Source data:
"""

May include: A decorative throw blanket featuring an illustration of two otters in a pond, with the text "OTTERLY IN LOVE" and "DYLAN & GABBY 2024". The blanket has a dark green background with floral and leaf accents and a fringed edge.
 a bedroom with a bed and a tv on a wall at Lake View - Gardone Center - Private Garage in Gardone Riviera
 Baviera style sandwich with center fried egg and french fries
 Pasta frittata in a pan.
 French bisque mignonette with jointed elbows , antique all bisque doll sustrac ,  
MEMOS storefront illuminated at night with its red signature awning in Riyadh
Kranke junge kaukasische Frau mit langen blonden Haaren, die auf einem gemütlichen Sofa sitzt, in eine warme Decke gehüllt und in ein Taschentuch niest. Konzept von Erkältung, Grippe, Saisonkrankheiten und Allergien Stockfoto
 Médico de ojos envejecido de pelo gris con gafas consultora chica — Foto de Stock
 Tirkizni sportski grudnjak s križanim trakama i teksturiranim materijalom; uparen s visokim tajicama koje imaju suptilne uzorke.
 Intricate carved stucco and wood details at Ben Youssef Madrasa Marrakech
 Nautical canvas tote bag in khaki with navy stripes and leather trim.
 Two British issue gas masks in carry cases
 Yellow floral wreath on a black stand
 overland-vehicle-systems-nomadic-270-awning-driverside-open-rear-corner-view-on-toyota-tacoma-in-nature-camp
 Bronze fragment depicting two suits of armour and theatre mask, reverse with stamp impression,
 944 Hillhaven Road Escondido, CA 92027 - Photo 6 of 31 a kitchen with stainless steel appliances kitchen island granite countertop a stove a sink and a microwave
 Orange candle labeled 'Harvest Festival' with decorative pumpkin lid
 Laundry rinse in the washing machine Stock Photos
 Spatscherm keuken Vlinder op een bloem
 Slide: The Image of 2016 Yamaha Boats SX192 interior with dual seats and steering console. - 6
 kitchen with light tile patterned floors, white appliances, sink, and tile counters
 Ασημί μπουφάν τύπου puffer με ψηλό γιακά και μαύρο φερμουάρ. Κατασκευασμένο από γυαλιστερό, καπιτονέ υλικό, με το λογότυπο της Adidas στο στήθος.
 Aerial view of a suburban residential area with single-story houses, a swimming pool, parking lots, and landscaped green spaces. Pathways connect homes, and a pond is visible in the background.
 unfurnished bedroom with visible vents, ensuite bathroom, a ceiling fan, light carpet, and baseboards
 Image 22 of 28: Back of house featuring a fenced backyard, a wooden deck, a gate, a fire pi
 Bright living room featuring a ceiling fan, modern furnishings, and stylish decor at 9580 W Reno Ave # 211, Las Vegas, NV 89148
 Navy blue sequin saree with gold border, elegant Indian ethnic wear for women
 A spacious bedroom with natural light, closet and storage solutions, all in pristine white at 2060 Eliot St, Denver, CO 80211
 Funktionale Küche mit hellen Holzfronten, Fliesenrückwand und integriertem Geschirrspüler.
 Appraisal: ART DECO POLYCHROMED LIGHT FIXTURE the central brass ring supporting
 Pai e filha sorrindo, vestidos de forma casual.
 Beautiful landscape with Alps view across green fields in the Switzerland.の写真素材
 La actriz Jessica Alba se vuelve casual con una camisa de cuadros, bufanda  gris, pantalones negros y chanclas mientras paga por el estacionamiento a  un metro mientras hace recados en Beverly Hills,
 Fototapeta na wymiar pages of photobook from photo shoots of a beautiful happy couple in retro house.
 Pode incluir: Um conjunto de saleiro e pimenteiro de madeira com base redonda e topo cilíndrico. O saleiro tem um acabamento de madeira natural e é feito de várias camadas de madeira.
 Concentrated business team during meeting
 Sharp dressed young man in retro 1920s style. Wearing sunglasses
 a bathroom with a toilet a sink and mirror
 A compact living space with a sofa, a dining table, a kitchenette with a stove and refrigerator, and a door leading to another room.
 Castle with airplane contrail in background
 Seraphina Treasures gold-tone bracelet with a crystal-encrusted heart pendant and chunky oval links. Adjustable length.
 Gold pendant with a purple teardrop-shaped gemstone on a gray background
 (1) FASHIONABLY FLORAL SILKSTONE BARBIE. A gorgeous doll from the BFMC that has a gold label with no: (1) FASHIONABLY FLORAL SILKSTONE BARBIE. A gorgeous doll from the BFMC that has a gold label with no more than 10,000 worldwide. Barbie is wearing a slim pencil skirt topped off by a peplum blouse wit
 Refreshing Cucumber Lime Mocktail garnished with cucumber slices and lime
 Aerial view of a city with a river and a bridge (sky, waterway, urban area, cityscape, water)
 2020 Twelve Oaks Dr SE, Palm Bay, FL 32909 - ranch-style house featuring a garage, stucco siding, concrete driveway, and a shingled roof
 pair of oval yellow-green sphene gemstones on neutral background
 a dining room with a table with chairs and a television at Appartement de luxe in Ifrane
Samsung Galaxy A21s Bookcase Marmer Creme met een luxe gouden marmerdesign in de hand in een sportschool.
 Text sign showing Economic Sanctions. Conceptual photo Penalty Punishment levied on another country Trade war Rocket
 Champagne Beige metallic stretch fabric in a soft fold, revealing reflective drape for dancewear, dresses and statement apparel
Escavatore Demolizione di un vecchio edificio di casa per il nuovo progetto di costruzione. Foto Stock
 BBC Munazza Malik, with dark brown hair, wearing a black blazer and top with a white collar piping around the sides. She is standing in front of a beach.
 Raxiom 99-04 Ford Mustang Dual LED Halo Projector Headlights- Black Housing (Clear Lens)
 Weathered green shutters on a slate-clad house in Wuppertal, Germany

"""

— EXERCISE —
Each record above needs to be set down again, word for word.

— EXERCISE RESULT —
May include: A decorative throw blanket featuring an illustration of two otters in a pond, with the text "OTTERLY IN LOVE" and "DYLAN & GABBY 2024". The blanket has a dark green background with floral and leaf accents and a fringed edge.
 a bedroom with a bed and a tv on a wall at Lake View - Gardone Center - Private Garage in Gardone Riviera
 Baviera style sandwich with center fried egg and french fries
 Pasta frittata in a pan.
 French bisque mignonette with jointed elbows , antique all bisque doll sustrac ,  
MEMOS storefront illuminated at night with its red signature awning in Riyadh
Kranke junge kaukasische Frau mit langen blonden Haaren, die auf einem gemütlichen Sofa sitzt, in eine warme Decke gehüllt und in ein Taschentuch niest. Konzept von Erkältung, Grippe, Saisonkrankheiten und Allergien Stockfoto
 Médico de ojos envejecido de pelo gris con gafas consultora chica — Foto de Stock
 Tirkizni sportski grudnjak s križanim trakama i teksturiranim materijalom; uparen s visokim tajicama koje imaju suptilne uzorke.
 Intricate carved stucco and wood details at Ben Youssef Madrasa Marrakech
 Nautical canvas tote bag in khaki with navy stripes and leather trim.
 Two British issue gas masks in carry cases
 Yellow floral wreath on a black stand
 overland-vehicle-systems-nomadic-270-awning-driverside-open-rear-corner-view-on-toyota-tacoma-in-nature-camp
 Bronze fragment depicting two suits of armour and theatre mask, reverse with stamp impression,
 944 Hillhaven Road Escondido, CA 92027 - Photo 6 of 31 a kitchen with stainless steel appliances kitchen island granite countertop a stove a sink and a microwave
 Orange candle labeled 'Harvest Festival' with decorative pumpkin lid
 Laundry rinse in the washing machine Stock Photos
 Spatscherm keuken Vlinder op een bloem
 Slide: The Image of 2016 Yamaha Boats SX192 interior with dual seats and steering console. - 6
 kitchen with light tile patterned floors, white appliances, sink, and tile counters
 Ασημί μπουφάν τύπου puffer με ψηλό γιακά και μαύρο φερμουάρ. Κατασκευασμένο από γυαλιστερό, καπιτονέ υλικό, με το λογότυπο της Adidas στο στήθος.
 Aerial view of a suburban residential area with single-story houses, a swimming pool, parking lots, and landscaped green spaces. Pathways connect homes, and a pond is visible in the background.
 unfurnished bedroom with visible vents, ensuite bathroom, a ceiling fan, light carpet, and baseboards
 Image 22 of 28: Back of house featuring a fenced backyard, a wooden deck, a gate, a fire pi
 Bright living room featuring a ceiling fan, modern furnishings, and stylish decor at 9580 W Reno Ave # 211, Las Vegas, NV 89148
 Navy blue sequin saree with gold border, elegant Indian ethnic wear for women
 A spacious bedroom with natural light, closet and storage solutions, all in pristine white at 2060 Eliot St, Denver, CO 80211
 Funktionale Küche mit hellen Holzfronten, Fliesenrückwand und integriertem Geschirrspüler.
 Appraisal: ART DECO POLYCHROMED LIGHT FIXTURE the central brass ring supporting
 Pai e filha sorrindo, vestidos de forma casual.
 Beautiful landscape with Alps view across green fields in the Switzerland.の写真素材
 La actriz Jessica Alba se vuelve casual con una camisa de cuadros, bufanda  gris, pantalones negros y chanclas mientras paga por el estacionamiento a  un metro mientras hace recados en Beverly Hills,
 Fototapeta na wymiar pages of photobook from photo shoots of a beautiful happy couple in retro house.
 Pode incluir: Um conjunto de saleiro e pimenteiro de madeira com base redonda e topo cilíndrico. O saleiro tem um acabamento de madeira natural e é feito de várias camadas de madeira.
 Concentrated business team during meeting
 Sharp dressed young man in retro 1920s style. Wearing sunglasses
 a bathroom with a toilet a sink and mirror
 A compact living space with a sofa, a dining table, a kitchenette with a stove and refrigerator, and a door leading to another room.
 Castle with airplane contrail in background
 Seraphina Treasures gold-tone bracelet with a crystal-encrusted heart pendant and chunky oval links. Adjustable length.
 Gold pendant with a purple teardrop-shaped gemstone on a gray background
 (1) FASHIONABLY FLORAL SILKSTONE BARBIE. A gorgeous doll from the BFMC that has a gold label with no: (1) FASHIONABLY FLORAL SILKSTONE BARBIE. A gorgeous doll from the BFMC that has a gold label with no more than 10,000 worldwide. Barbie is wearing a slim pencil skirt topped off by a peplum blouse wit
 Refreshing Cucumber Lime Mocktail garnished with cucumber slices and lime
 Aerial view of a city with a river and a bridge (sky, waterway, urban area, cityscape, water)
 2020 Twelve Oaks Dr SE, Palm Bay, FL 32909 - ranch-style house featuring a garage, stucco siding, concrete driveway, and a shingled roof
 pair of oval yellow-green sphene gemstones on neutral background
 a dining room with a table with chairs and a television at Appartement de luxe in Ifrane
Samsung Galaxy A21s Bookcase Marmer Creme met een luxe gouden marmerdesign in de hand in een sportschool.
 Text sign showing Economic Sanctions. Conceptual photo Penalty Punishment levied on another country Trade war Rocket
 Champagne Beige metallic stretch fabric in a soft fold, revealing reflective drape for dancewear, dresses and statement apparel
Escavatore Demolizione di un vecchio edificio di casa per il nuovo progetto di costruzione. Foto Stock
 BBC Munazza Malik, with dark brown hair, wearing a black blazer and top with a white collar piping around the sides. She is standing in front of a beach.
 Raxiom 99-04 Ford Mustang Dual LED Halo Projector Headlights- Black Housing (Clear Lens)
 Weathered green shutters on a slate-clad house in Wuppertal, Germany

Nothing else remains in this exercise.